**TASK ITEM**
Make an exact copy of the records below, excluding images.

**DATA TO USE**

#####

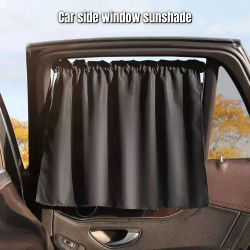 Parasol para Ventana de Coche con Ventosas, Protección UV, Aislamiento Térmico, Cortina de Privacidad para Niños y Bebés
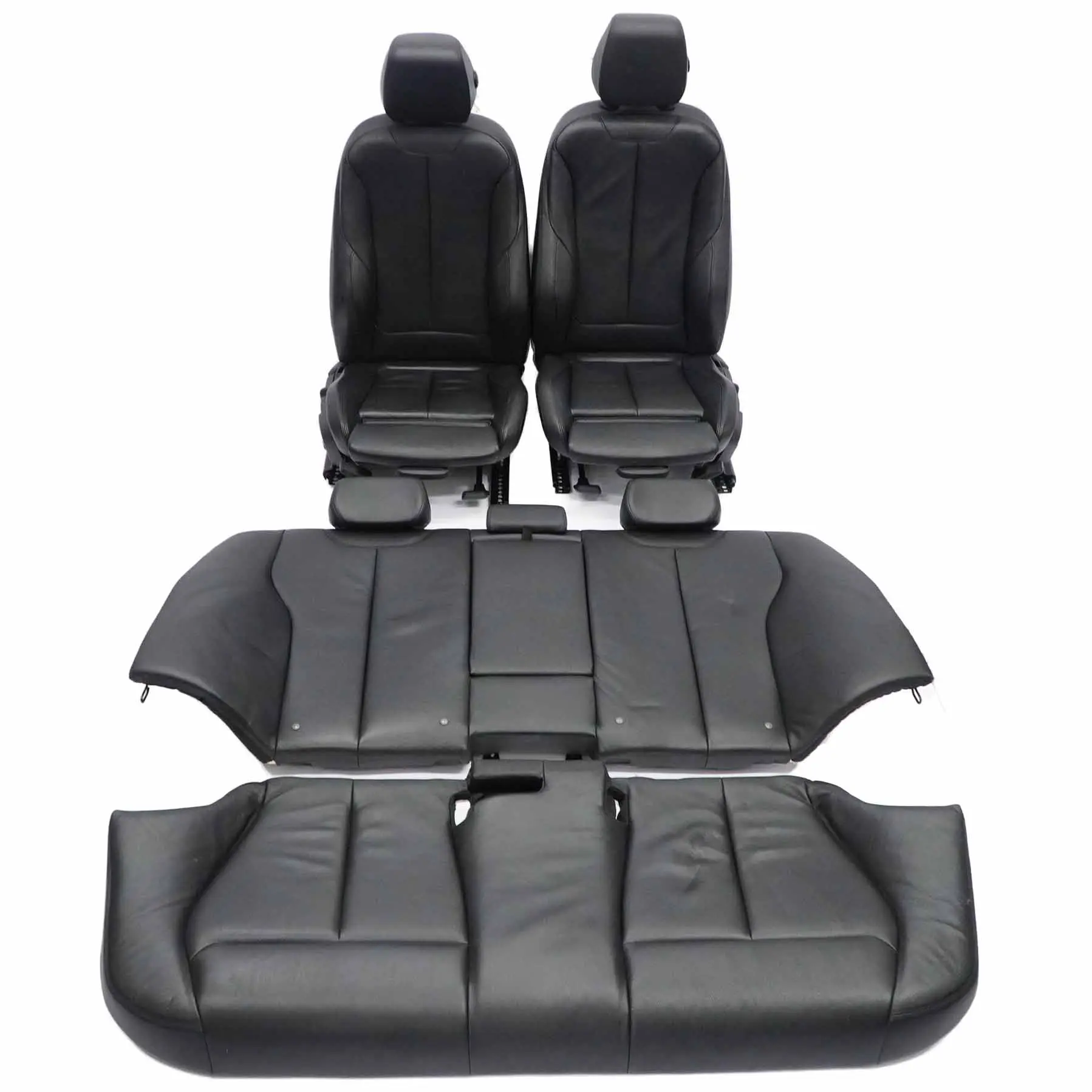 BMW F30 M Sport Negro Cuero Asientos Delanteros Traseros Tarjetas Puerta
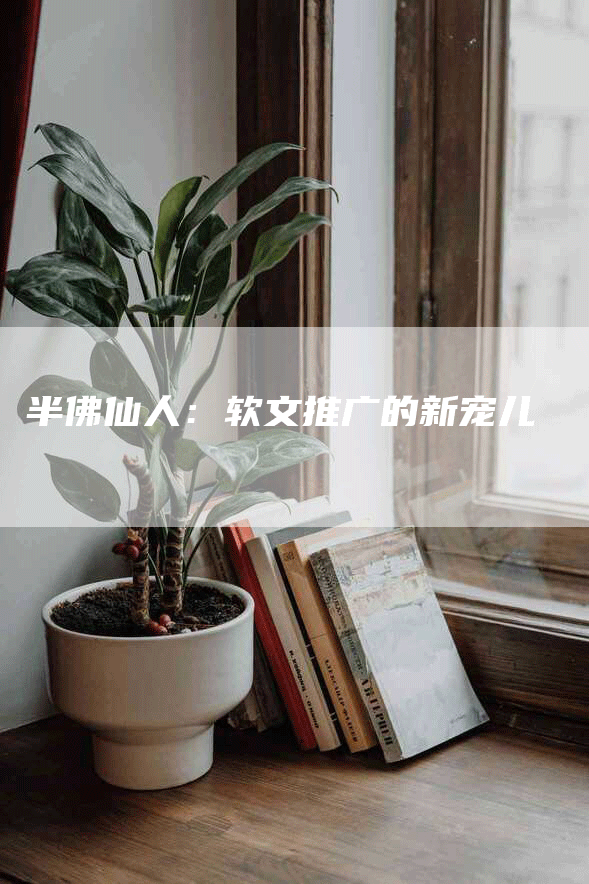 半佛仙人：软文推广的新宠儿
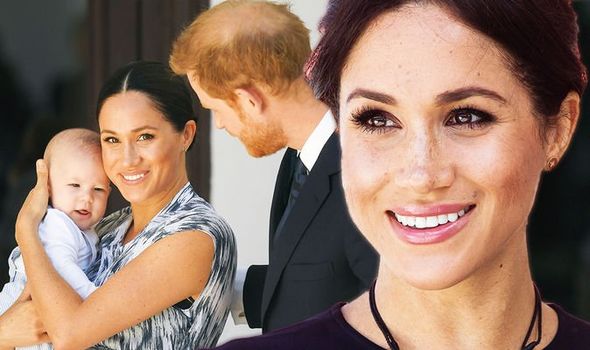 Meghan Markle, Prince Harry and their son Archie Harrison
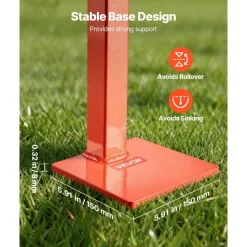 VEVOR 36 in T Post Puller, Heavy Duty Fence Post Pullers with Puller Plate & 47 in Lifting Chain, Labor-Saving T-Post Remover Tool for Round Fence Posts, Sign Posts & Tree Stumps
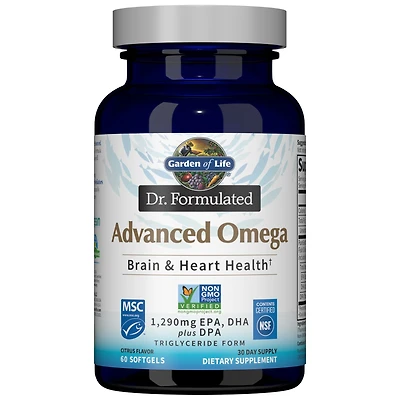 Dr. Formulated Advanced Omega (60 count) (Lemon)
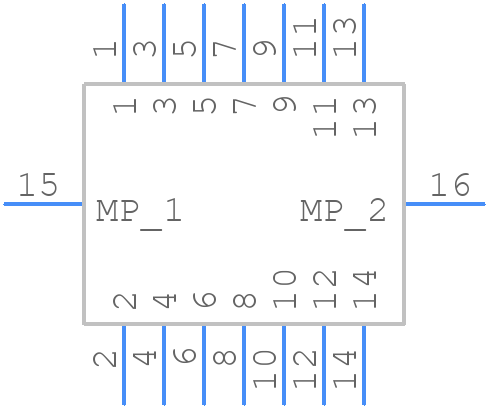 2241420140 - Molex - PCB symbol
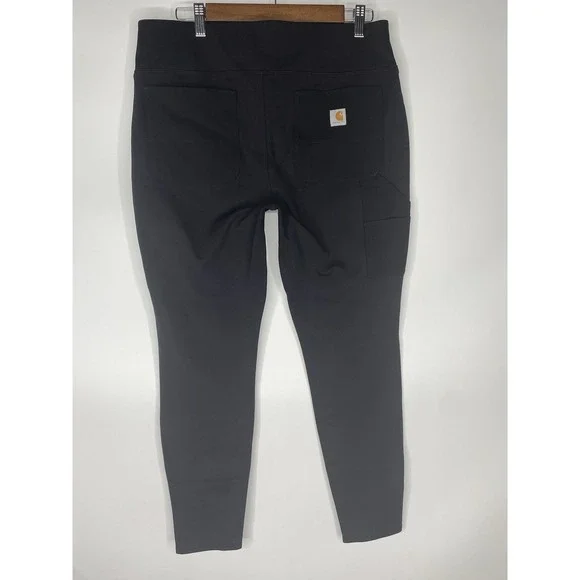 Carhartt Large 12 14 Force Fitted Utility Black Leggings Pants 102482 NO4 NWOT - Picture 5 of 6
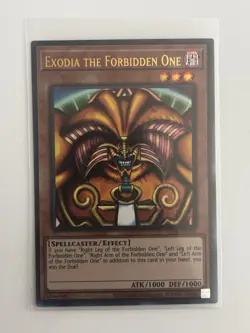 YUGIOH EXODIA THE FORBIDDEN ONE ULTRA RARE NM LOB-EN124 25TH ANNIVERSARY NM 🔥 - Image 1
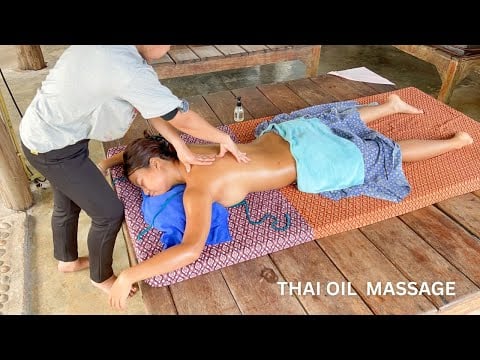 ASMR: Extra Oily Thai FULL BODY Beach Massage!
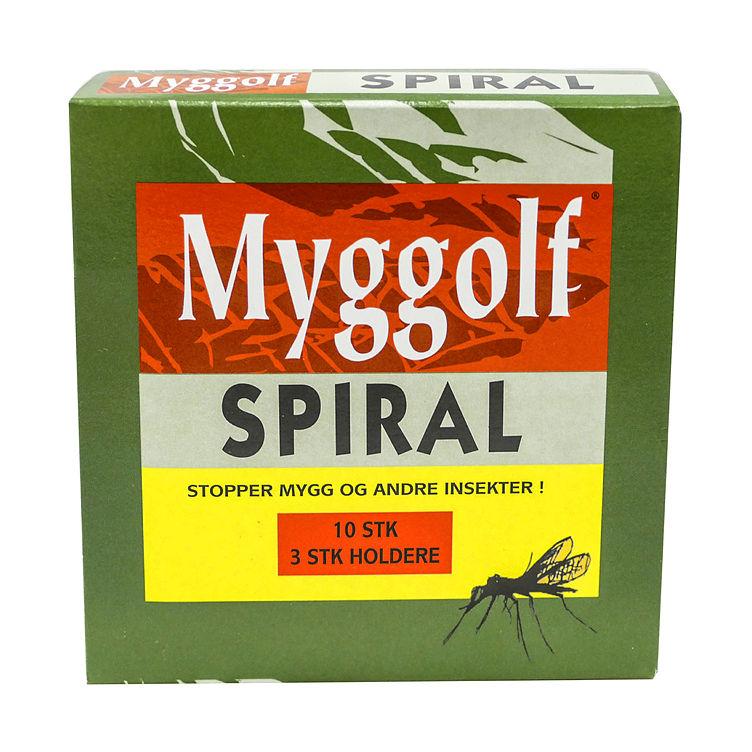 Myggspiral 10stk Myggolf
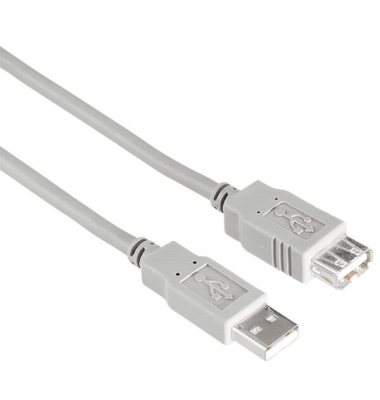 USB Verlängerungskabel A-Stecker- A-Kupplung 1,8m grau zum Verlängern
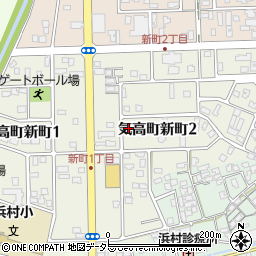 鳥取県鳥取市気高町新町周辺の地図
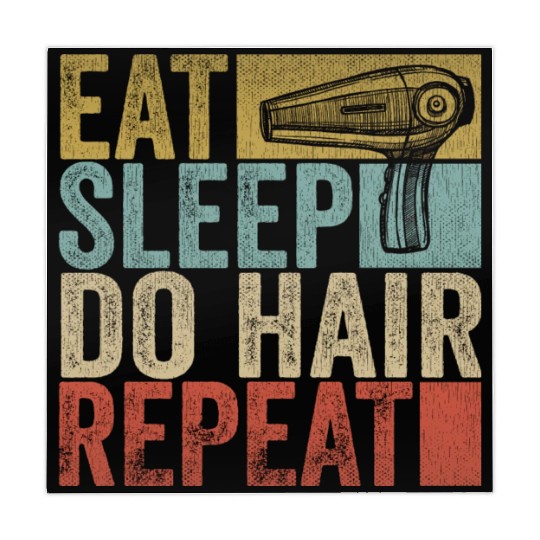 Eat Sleep Do Hair Repeat Mahjong Mats Hairstylist Funny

#####

**EXERCISE ANSWER**
 Parasol para Ventana de Coche con Ventosas, Protección UV, Aislamiento Térmico, Cortina de Privacidad para Niños y Bebés
 BMW F30 M Sport Negro Cuero Asientos Delanteros Traseros Tarjetas Puerta
 半佛仙人：软文推广的新宠儿
 Meghan Markle, Prince Harry and their son Archie Harrison
 VEVOR 36 in T Post Puller, Heavy Duty Fence Post Pullers with Puller Plate & 47 in Lifting Chain, Labor-Saving T-Post Remover Tool for Round Fence Posts, Sign Posts & Tree Stumps
 Dr. Formulated Advanced Omega (60 count) (Lemon)
 2241420140 - Molex - PCB symbol
 Carhartt Large 12 14 Force Fitted Utility Black Leggings Pants 102482 NO4 NWOT - Picture 5 of 6
 YUGIOH EXODIA THE FORBIDDEN ONE ULTRA RARE NM LOB-EN124 25TH ANNIVERSARY NM 🔥 - Image 1
 ASMR: Extra Oily Thai FULL BODY Beach Massage!
 Myggspiral 10stk Myggolf
 USB Verlängerungskabel A-Stecker- A-Kupplung 1,8m grau zum Verlängern
 鳥取県鳥取市気高町新町周辺の地図
 Eat Sleep Do Hair Repeat Mahjong Mats Hairstylist Funny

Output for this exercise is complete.